I don't have an answer and it makes me a bit peeved with myself. I remember being so self-assured in my early 20s. The combination of my religion, which I no longer espouse, and the warrior mentality that propelled me out of poverty gave me a sense of deep purpose. But the need to fight everyone and everything has dissipated in the wake of having reasonable financial comfort provided by the one person in my life I can count on, my spouse. He worships me and it is so easy to bask in that reflected glow, to get lost in it.
But surely I am more than what one man thinks of me; or is that alone enough? I want more than this, but I can't imagine that more is any better than what I have. When you add to this my current professional dissatisfaction with the one thing I used to be amazing at, it is difficult to evaluate who I am and what I am worth.
Do I push through professionally and keep slogging away at it, believing that this hatred of my profession is a small moment brought on by the stresses of graduate school? This seems to be what the successful students seem to do. But how do they know this? Why does the system have to be designed to make you feel lower than the dust of the earth?
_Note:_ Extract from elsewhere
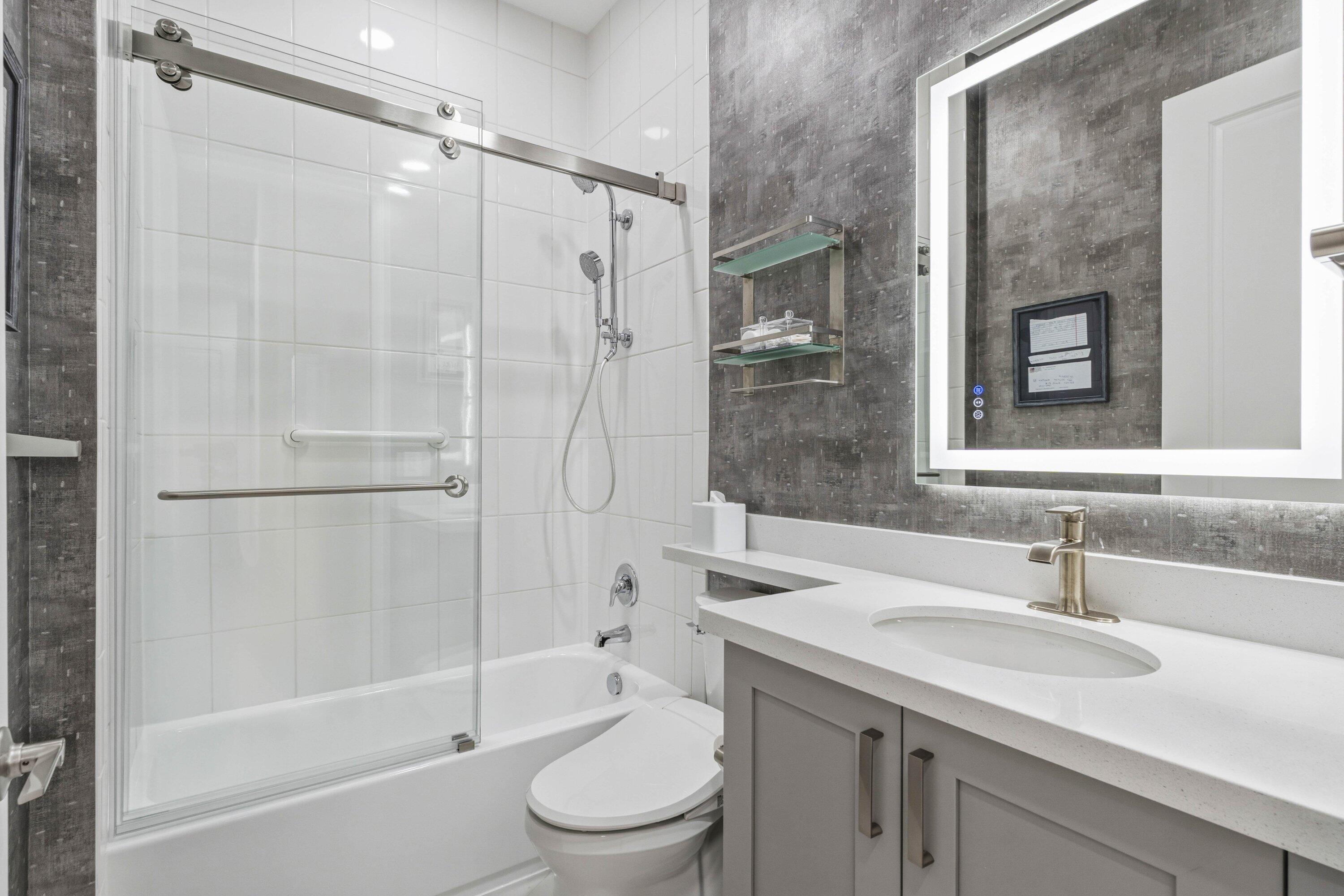 018-13697WhistlerMountainRoad-DelrayBeac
How is that empowering me to do great things?
Does my profession even need to factor in to who I am as a human being? I feel like people who base their lives on their job or social position seem somehow more disappointed when things work out than people who don't. But don't you need a bit of this in order to be passionate about your job?
The most frustrating part of this situation is that I don't see a solution. I neither want to be simply a spouse of my biggest fan, or simply a professional in my field. I want value outside of these things and I don't have any idea how one achieves that.